Title :
Why Does Rebalancing Class-Unbalanced Data Improve AUC for Linear Discriminant Analysis?
Author :
Jing-Hao Xue ; Hall, Peter
Author_Institution :
Dept. of Stat. Sci., Univ. Coll. London, London, UK
Abstract :
Many established classifiers fail to identify the minority class when it is much smaller than the majority class. To tackle this problem, researchers often first rebalance the class sizes in the training dataset, through oversampling the minority class or undersampling the majority class, and then use the rebalanced data to train the classifiers. This leads to interesting empirical patterns. In particular, using the rebalanced training data can often improve the area under the receiver operating characteristic curve (AUC) for the original, unbalanced test data. The AUC is a widely-used quantitative measure of classification performance, but the property that it increases with rebalancing has, as yet, no theoretical explanation.
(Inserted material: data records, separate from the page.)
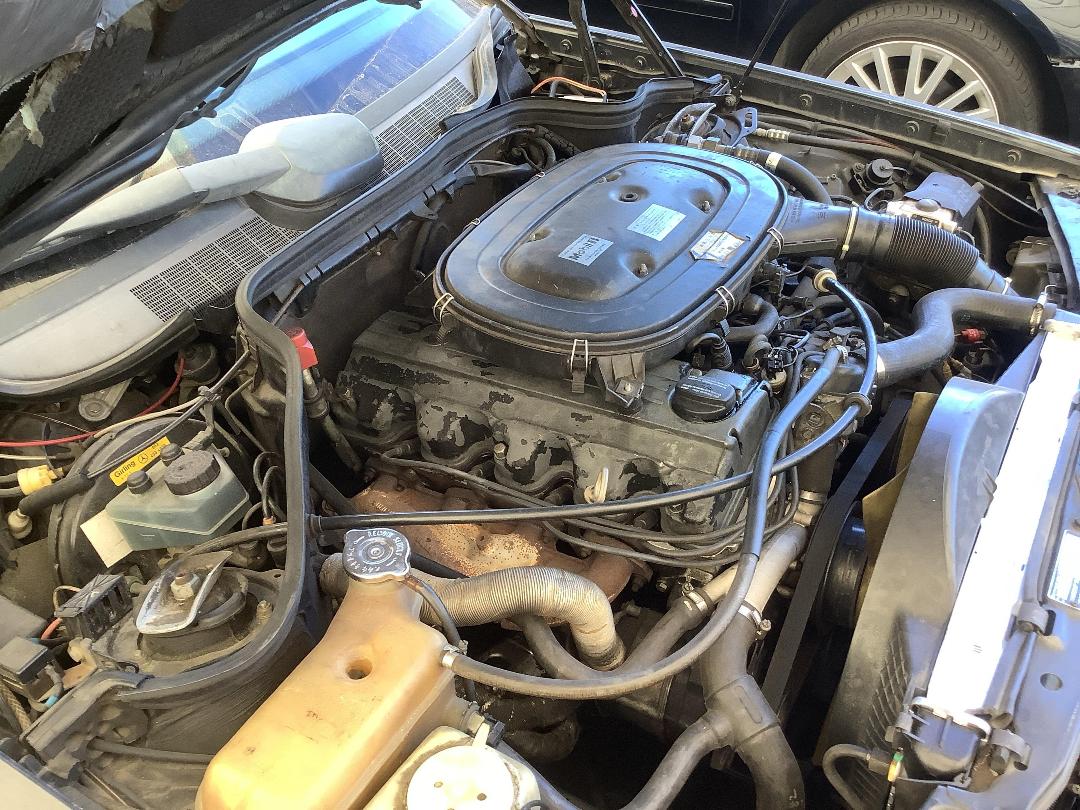 Photo '12' of Mercedes-Benz 190E Photo '12' of Mercedes-Benz 190E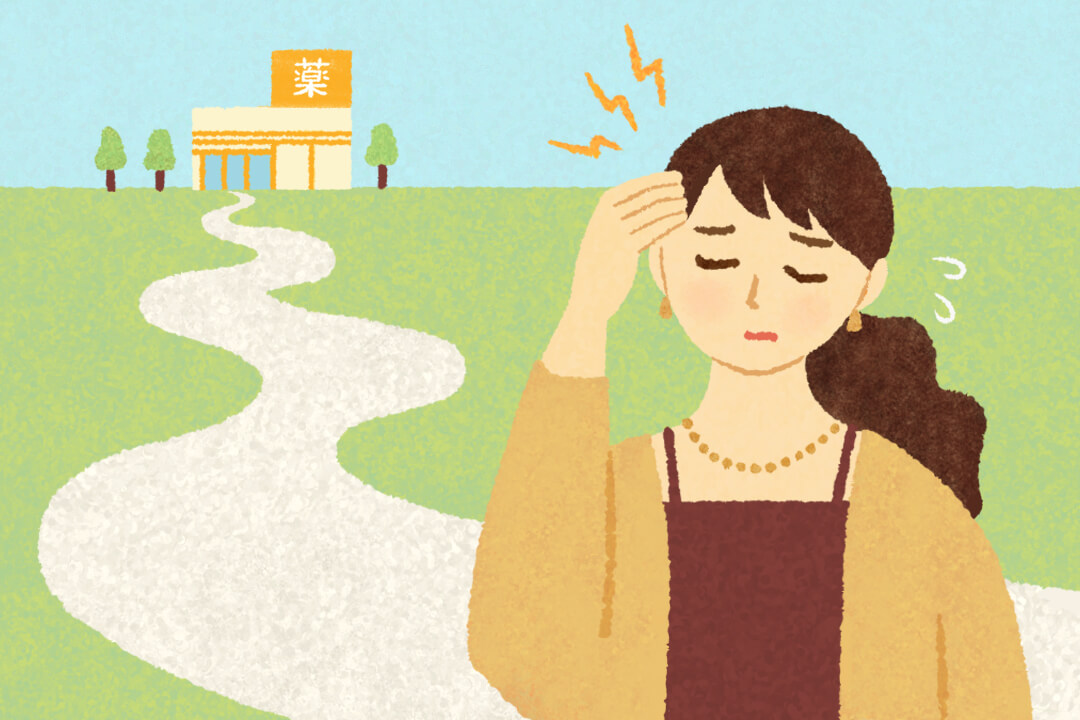 薬剤師が紹介する、旅に欠かせない【常備薬リスト】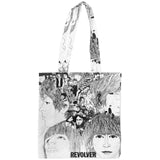 The Beatles: Revolver Taske – officielt merchandise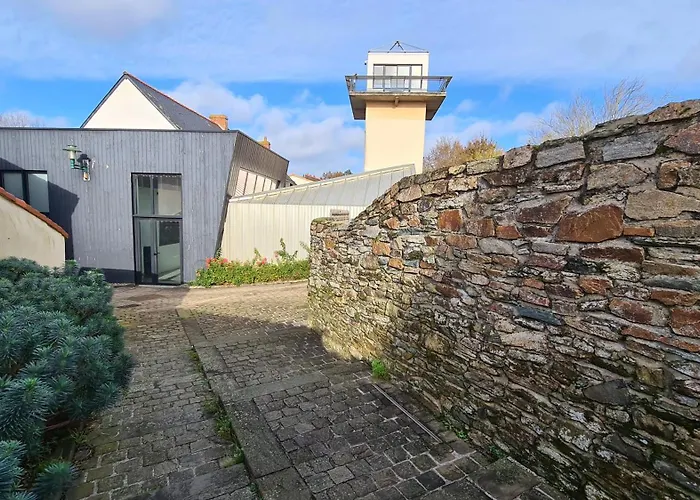 Casa de Férias La Maison Du Bord Du La Chevrolière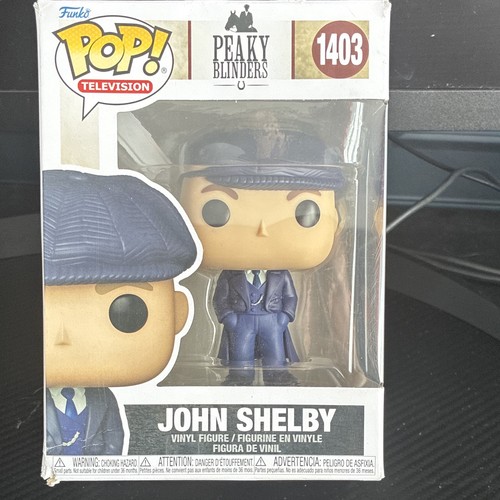 Funko pop john - john, peaky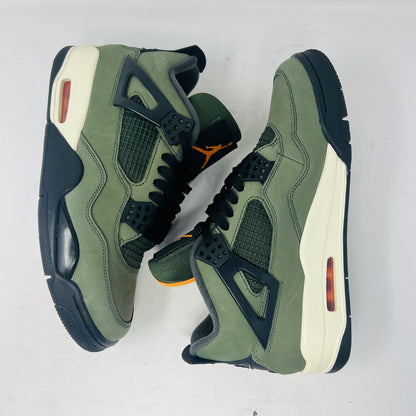 Jordan 4 Retro OG SP Undefeated (2025)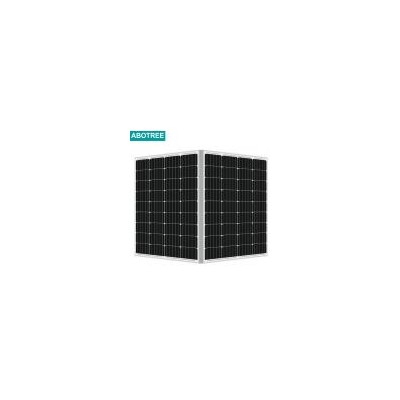 75W单晶硅太阳能电池板(ASM75)
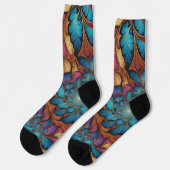 B&E Socks Bold & Elaborate Design 0048970 Sokken (Links)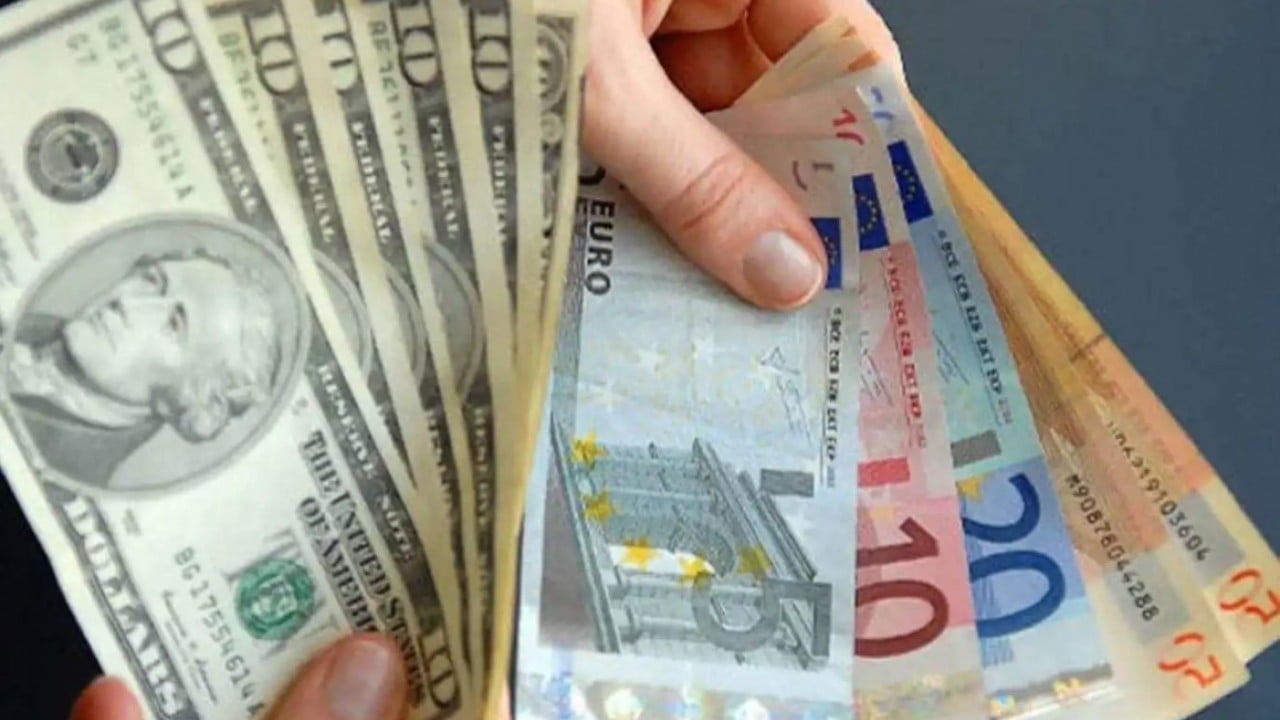 Foto - Döviz piyasası ne durumda? İşte Dolar ve Euro fiyatları
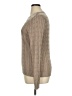 Lauren by Ralph Lauren 100% Cotton Tan Pullover Sweater Size XL - photo 5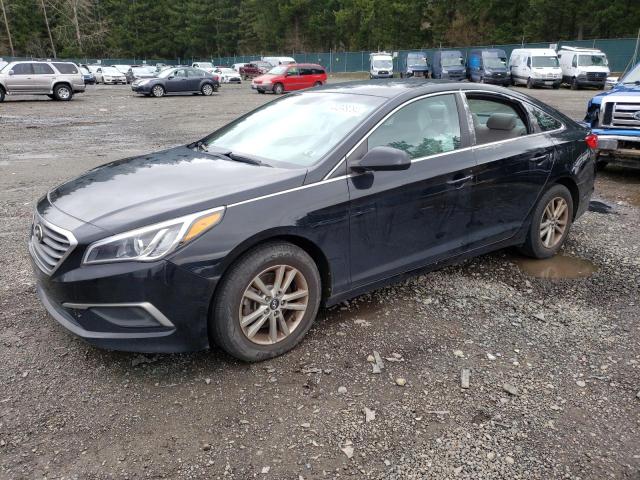 2017 HYUNDAI SONATA SE, 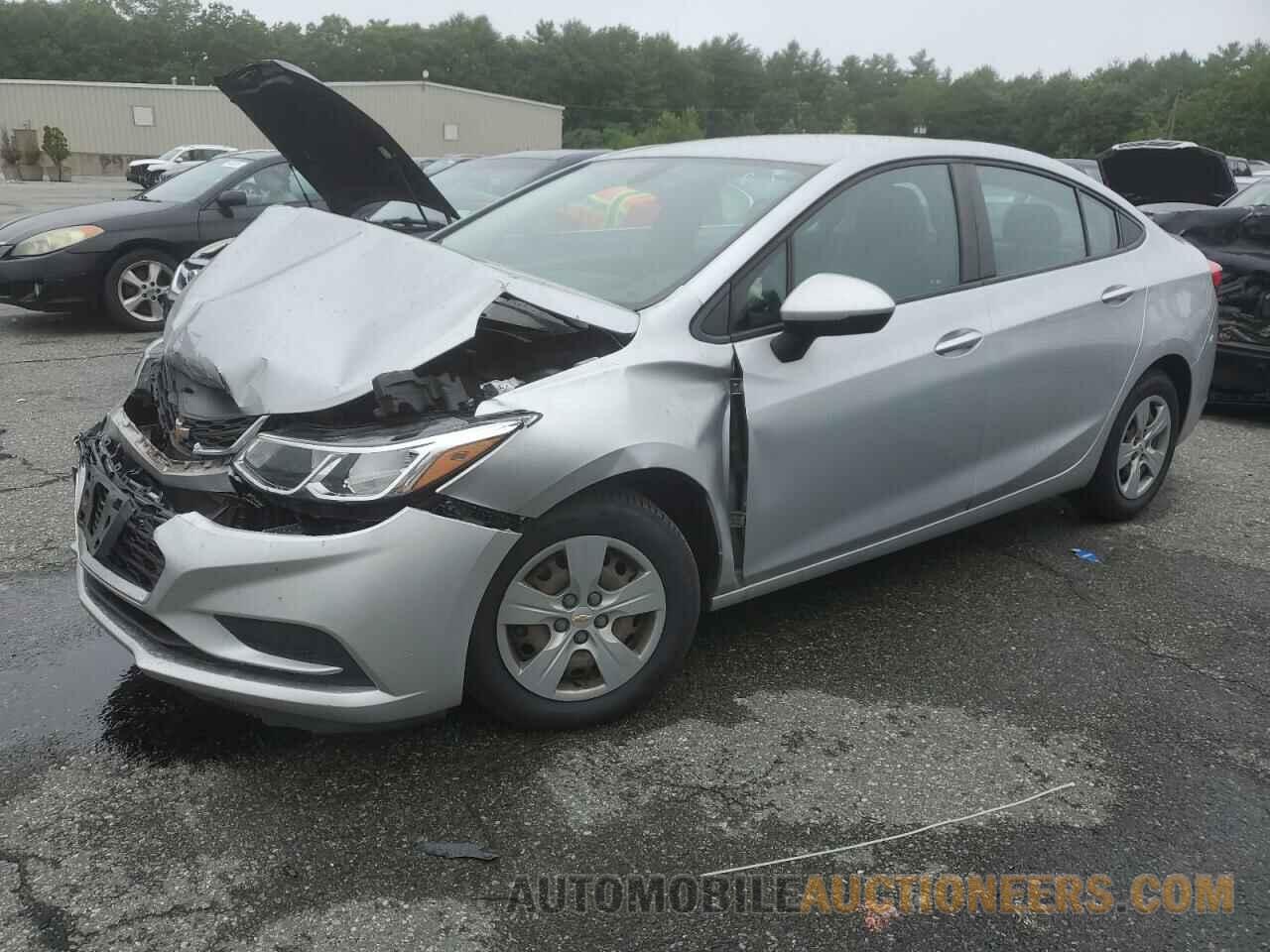 1G1BC5SM1J7222495 CHEVROLET CRUZE 2018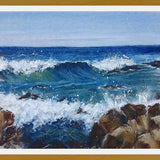 Cuadro Ocean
In this note, using Gaussian-based linear discriminant analysis (LDA) as the classifier, we demonstrate that, at least for LDA, there is an intrinsic, positive relationship between the rebalancing of class sizes and the improvement of AUC. We show that the largest improvement of AUC is achieved, asymptotically, when the two classes are fully rebalanced to be of equal sizes.
Keywords :
Gaussian processes; pattern classification; sampling methods; AUC; Gaussian-based linear discriminant analysis; LDA; class sizes; class-unbalanced data rebalancing; classification performance; classifiers; majority class undersampling; minority class oversampling; quantitative measure; rebalanced training data; receiver operating characteristic curve; training dataset; unbalanced test data; Covariance matrices; Data mining; Educational institutions; Linear discriminant analysis; Training; Training data; Vectors; AUC; ROC; class imbalance; class rebalancing; linear discriminant analysis; oversampling; undersampling;
Journal_Title :
Pattern Analysis and Machine Intelligence, IEEE Transactions on
DOI :
10.1109/TPAMI.2014.2359660